По обстоятельствам рождения и семейным, по воспитанию и образованию, по смене окружения и стран обитания, по душевным склонностям и качествам натуры Исайе Берлину предлежало несколько судеб, и из этой биографии выходит, что он разные отрезки их с разной степенью причастности к ним исполнял. Но судьбы как таковой, его собственной, единой и единственной, из игнатьевской биографии не выходит. Встречи, дружбы, привязанности и отталкивания выглядят так сложившимися, а не неизбежно выбираемыми, не предначертанными. Предположим, его жизнь и была задумана не судьбой в древнем понимании, а, как сказали бы романтики, игралищем судеб. Но и этого нет: есть цепь последовательных событий, то связанных между собой, то перебивающих друг друга. И независимо от этого есть непобедимое впечатление, что в раствор биографии не брошена какая-то последняя щепотка соли, которая превратила бы его в кристалл.
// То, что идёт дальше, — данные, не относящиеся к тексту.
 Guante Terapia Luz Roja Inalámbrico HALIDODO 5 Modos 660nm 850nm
Потому что за хроникой фактов, не захватывающих, не ярких, выпавших не одному Берлину, а в том или ином виде целому кругу людей, все-таки слышится дыхание судьбы. Уже хотя бы по знаменательности того, чего он избежал, из теснейшего соседства с чем выбрался невредимым – и ради чего. Не говоря о том, что жизнь, покрывшая почти целиком все двадцатое столетие, прошедшая в частом соприкосновении с его сердцевиной, вклинившаяся в драматические перипетии его истории в непосредственной близости от их центра, крупнее составляющих ее фактов и непременно выходит за рамки самого точного, основательного, полного и в особенности уравновешенного их описания.
Когда Исайя сказал: “Меня всегда веселили люди, я никогда не скучал с людьми”, я спросил, бывали ли у него периоды депрессий.
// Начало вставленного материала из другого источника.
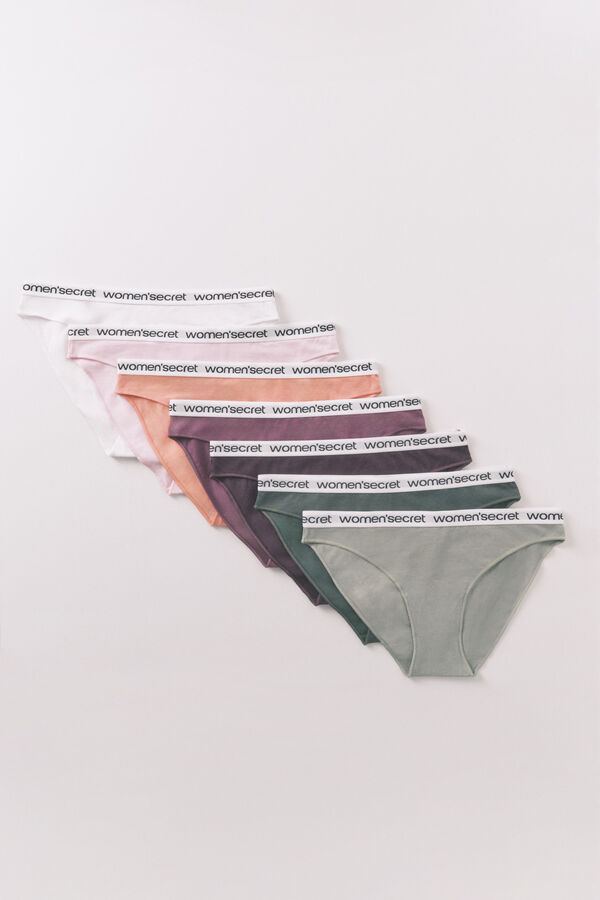 Women'secret Pack de 7 panties clásica de algodón con logo blanco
“- Бывали. Нет, депрессий – нет. Боязни, неуютности. Когда я первый раз попал в New College, они были такие скучные, такие чопорные. Я чувствовал себя, как, помните, в опере “Пелеас и…
– Мелисанда.
– …Мелисанда”. Мелисанда говорит: “Attends peu, je ne suis pas heureuse ici” – “я несчастлива здесь”. Я это чувствовал. Это бывало. В Америке в первый год, когда я там был на службе, я там никого не знал, в Нью-Йорке. Это да. Появилась нервность.
Depression – это слишком сильное слово. По-видимому, у меня никогда не было”.
Почти автоматически я отозвался: “Не ваша стезя”.
Вот что отличало его от людей его круга и его ранга: он был наглядно счастливый человек. Всю жизнь он был погружен исключительно в интеллектуальные занятия, от которых, как известно, не может не быть большой печали,- и умудрился не впадать в меланхолию. Он прожил столетие, угнетающее прежде всего интеллект,- и не знал, что такое депрессия. Вот это побуждает меня, как, возможно, всех однажды попавших в поле действия его личности, продолжать думать о нем и, думая, непроизвольно улыбаться. Вот этому хорошо бы найти объяснение – из биографии, из общественной позиции, из моральной.
Когда я спросил, описывают ли его впечатление от прожитого торжественные слова Ахматовой “я счастлива, что жила в эти годы и видела события, которым не было равных”,- он ответил, вызвав мою улыбку: “Нет. Я счастлив – но не оттого, что я жил в это время”. Вскоре после этого, говоря на другую тему, он произнес о своей судьбе еще одно слово: “Это было, в общем, страшное столетие. Но меня не коснулось. Просто выпала удача”.
Едва ли кто-то может повторить ахматовское заявление применительно к себе, чтобы вышло искренне. Да это, по сути, не столько заявление, сколько девиз. Как надпись на щите мне, например, несравнимо больше импонирует “счастье” Ахматовой, чем
“удача” Берлина. Для нее как христианки “жизнь в эти годы” размещалась в перспективе жизни загробной, в которой итог понесенных испытаний значит нечто прямо противоположное итогу избегнутых. Но и из ее уст эти слова звучат, на мой слух, поэтической гиперболой слишком условной. Почему “счастлива”?
Видеть, как она, величие террора в очереди к тюремному окошку или голода в очереди за пайковым хлебом по карточкам – разве подходит под категорию “счастья”?